AI is changing how we build digital products and solve user needs. When done right, AI-powered products grow customer loyalty, unlock new revenue streams, and reach the market faster and with more confidence.
But too often, businesses fall into one of two traps, unable to turn AI’s potential into something useful, usable, and valuable to their customers.
Most businesses get stuck in the idea phase, without the time, resource, or direction to move from concept to launch.
Others, in a rush to keep up with competitors, bolt AI onto existing products without a clear purpose or user need.
To get AI-powered products live, follow this 3-step approach we've used to help clients launch products and features their customers love.
Too many teams start with AI and then try to find a use case. They tack AI onto their existing product without asking the most important question: what’s the best way to solve this problem?
That’s backwards. The best AI products start with a clear problem that AI is the best way to solve.
For one of our partners, the initial assumption was that they needed to modernise their content to win over big tech clients and expand their offering with more resources.

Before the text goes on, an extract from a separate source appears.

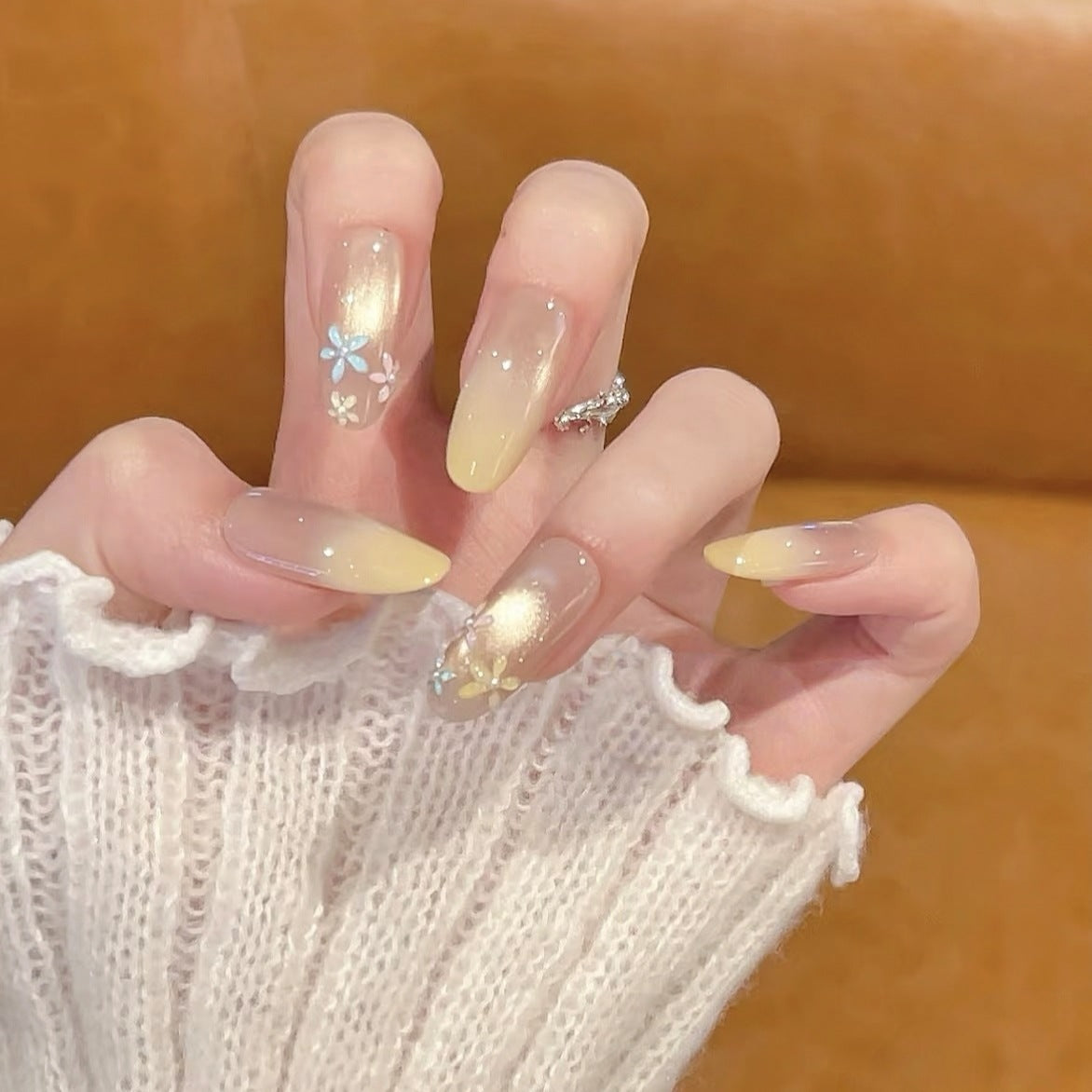 Elegant Floral Press-On Nails — product view 3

But when we dug deeper, we found the content itself wasn’t the issue. It was already great. The real problem was how hard it was to access. Clients had to dig through long PDFs and navigate a clunky website instead of getting instant, accurate answers.
That’s where AI made sense. Not as a shiny feature, but as a way to remove friction, surface answers faster, and create a better customer experience.
Ask yourself:
What’s frustrating about how users currently solve this problem?

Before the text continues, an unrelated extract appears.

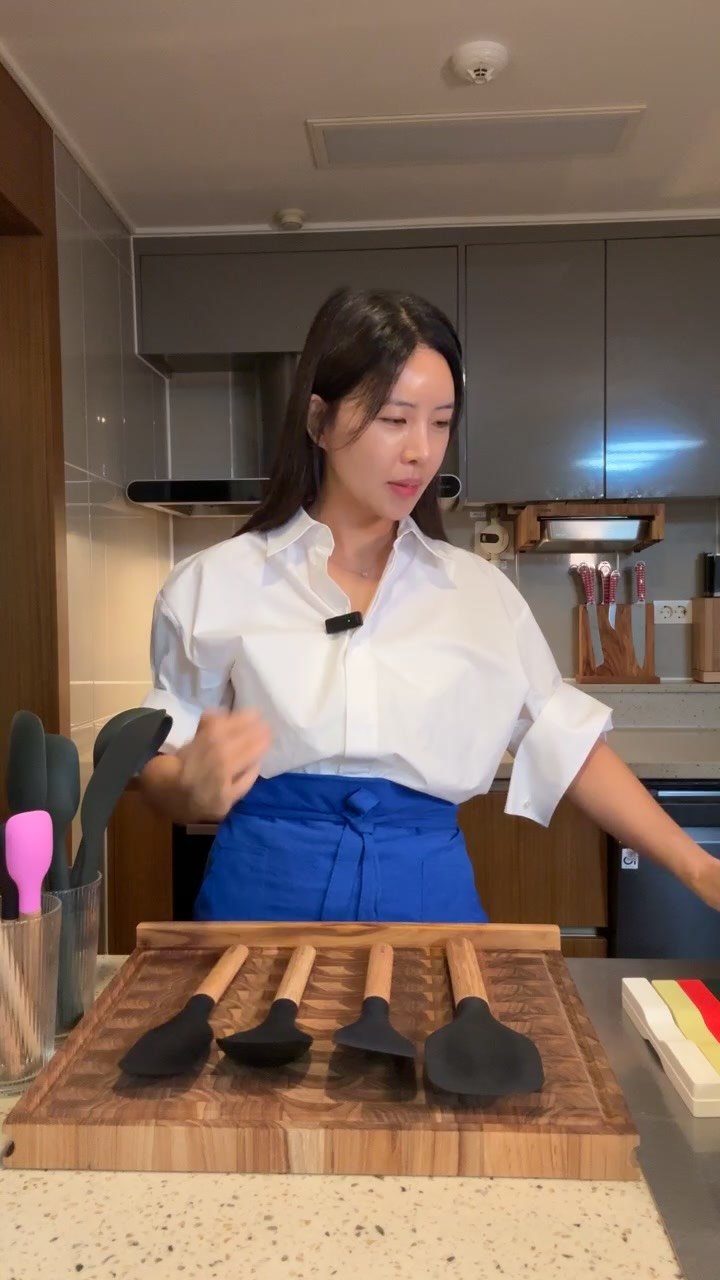 mamajo_cook 게시물 이미지: 에바솔로 라방!

궁금하신점은 언제든지 디엠으로 문의주세요😍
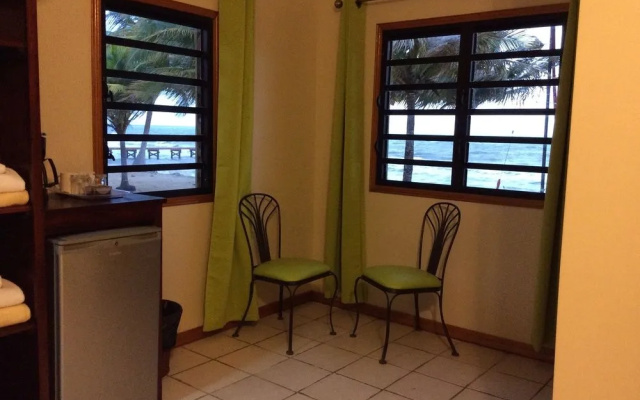 Palm Cove Cabins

Is AI actually the best solution, or is there a simpler fix?
What would this experience look like if AI worked perfectly?
The best AI products start with a clear problem that AI is the best way to solve.
Most teams still design products using static wireframes. But AI is making it easier than ever to create working prototypes quickly. And it is no longer just designers who can do it. Anyone on a product team can get involved.
This shift allows teams to rapidly build testable prototypes and gain richer insights from usability testing. And when your product includes AI, it means you can test real AI functionality early in the process, not just imagine how it might work.
With one client, instead of relying on wireframes to show "how AI might work," we built an AI-powered prototype in one week and put it in front of real users.
It helped us:
Let users test real AI-driven interactions, not just a static UI
Iterate quickly based on real-world feedback
Prove that AI was the right solution
AI is making it easier than ever to create working prototypes quickly. And it is no longer just designers who can do it. Anyone on a product team can get involved.
AI products fail when users don’t trust the outputs. If they don’t believe the AI is accurate or reliable, they’ll default to other solutions. That’s why trust has to be designed into the product.
Ways to build trust into a product:
AI traceability: Showing users why the AI gave a certain answer.
Human-in-the-loop checks: Ensuring experts reviewed AI-generated responses.
AI validating AI: Using a second model to check for inconsistencies.
Trust isn’t just about accuracy. It’s about setting the right expectations so users feel confident using AI.
For one of our clients, we built in trust by:
Inputting clear limitations on what AI could and couldn’t do.
Adding feedback loops so users could flag inaccurate responses.
Designing AI as a support tool, not a fully automated replacement for human expertise.
AI products fail when users don’t trust the outputs. If they don’t believe the AI is accurate or reliable, they’ll default to other solutions.
Just because AI can do something doesn’t mean it should.
The key is knowing when AI is the right tool, testing it with real users early, and designing for trust from the start.
The better teams get at recognising when AI isn’t the answer, the better they’ll be at knowing when it is.